RESPONSE to roads & cars comment - Don't you think strays get hit by cars anyway? Even without being directed home?
-- trekbody, Feb 07 2003


they already are using this on cattle in new mexico...you can manage a ranch...with out building expensive fences
-- swice, Feb 07 2003


dogs are aware of roads and cars unless being *disturbed* in some way.
-- po, Feb 07 2003


If the pet doesn't want to be there, why force them?
-- ato_de, Feb 07 2003


Why not let the agony begin at the very moment said pet hits the boundary of his roaming area? No need to lead him back home in that event.
Also, this somewhat baked by 'electronic fence' devices which act similarly when a pet nears a set border, although they admittedly lack the high-tech flair and expense of GPS.
-- X2Entendre, Feb 08 2003


Insert obligatory "GPS is highly inaccurate in urban areas and doesn't work indoors, under bridges, in tunnels, or many other places" rant.
-- pottedstu, Feb 08 2003


Great, in urban areas it only needs to work out of doors, thus overcoming the accuracy problem.
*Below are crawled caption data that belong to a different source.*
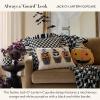 MACKENZIE-CHILDS Lumbar Throw Pillow, Decorative Cotton Pillow for Halloween, 14×20, Ghost Family Portraits(Jack O’ Lantern Cupcake)
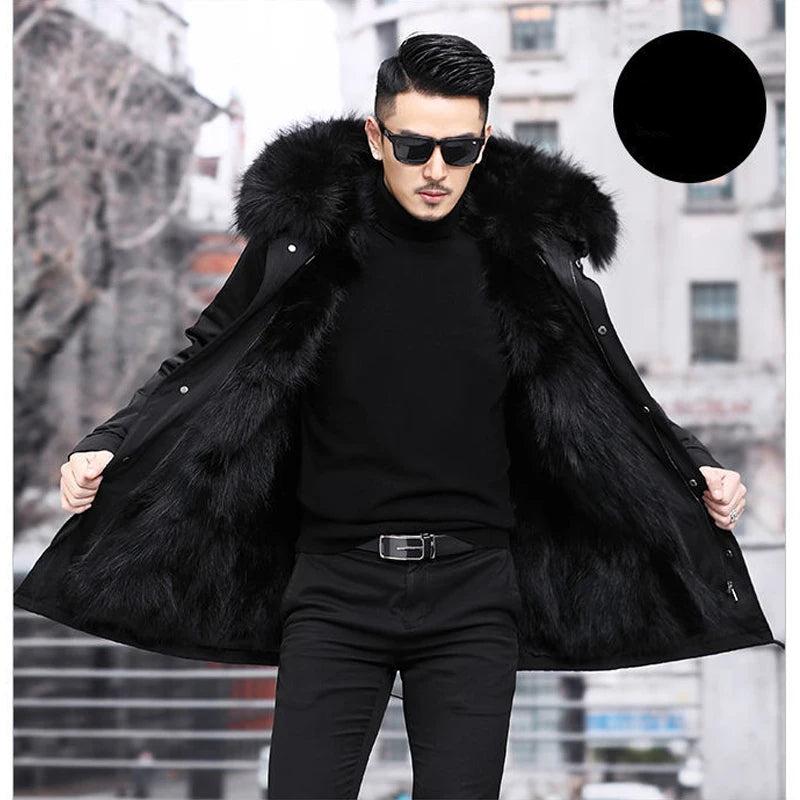 Oliver | Men's Hooded Parka | Fur-Lined · Eltrendio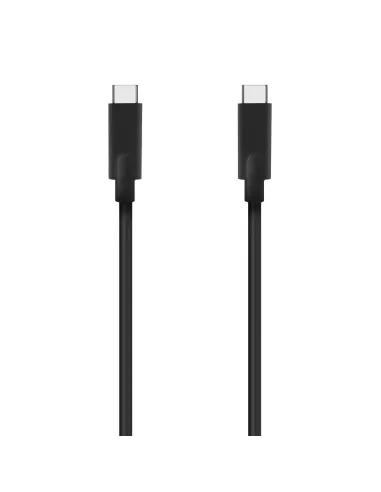 AISENS Cable USB 3.2 Gen2 10Gbps 4k@60Hz 5A 100W E-Marker, Tipo USB-C M-USB-C M, Negro, 3.0m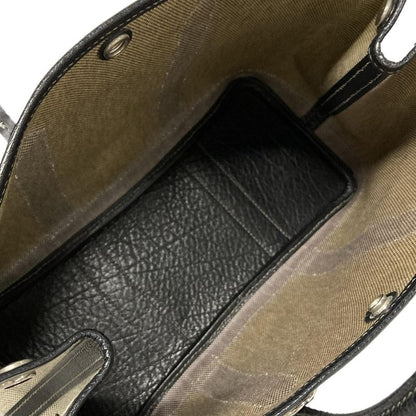 Hermes Garden Party TPM Ivory And Black Silver Hardware Tote Bag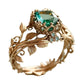 🌿💍 PROMO FLASH 50% ! Bague en Cristal Vert Feuille – Design Détaillé Naturel, Alliage de Zinc Durable, Multiples Couleurs & Tailles, Élégance Bohème ✨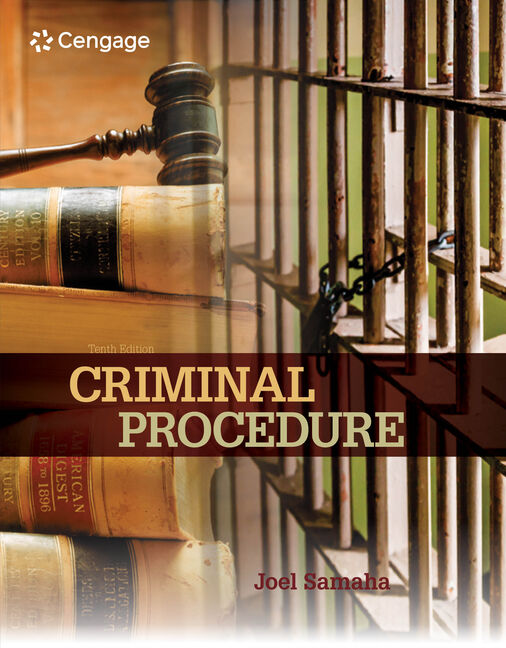 Criminal Procedure 9781285459042 Cengage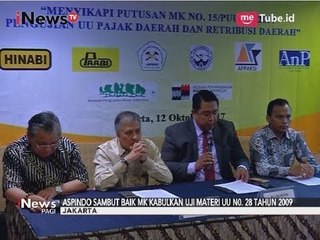 Alat Berat Tidak Kena Retribusi Disambut Baik Aspindo - iNews Pagi 14/10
In the country I'd have thought it was accurate enough to make the mutt turn tail and head home.

Alternatively, you could have it release a small aerosol puff of the scent of the pet's favourite food, making it want to head home for some grub.
-- egbert, Feb 08 2003


I would substitute the noise maker by a biscuit thrower that would throw small biscuits in the house's direction (like that story about the kids who used the bread crums to mark their way home)
-- PauloSargaco, Apr 07 2003


How about a web interface where you can map out detailed walk paths -- so you can have the dog shit on the neighbor's yard?
-- theircompetitor, Jan 03 2004


//they already are using this on cattle in new mexico...you can manage a ranch...with out building expensive fences//

A GPS collar on every cow is cheaper than a fence?
-- Bukkakinator, Aug 08 2008


Perhaps instead of an alarm, his master's voice, saying, "Here boy!" With an inbuilt compass and stereo speakers, this could be designed to call the dog every time he turned in the wrong direction, whenever he was beyond the allowed area.

Wouldn't work on every dog, though. Mine accelerates in the opposite direction when I call him.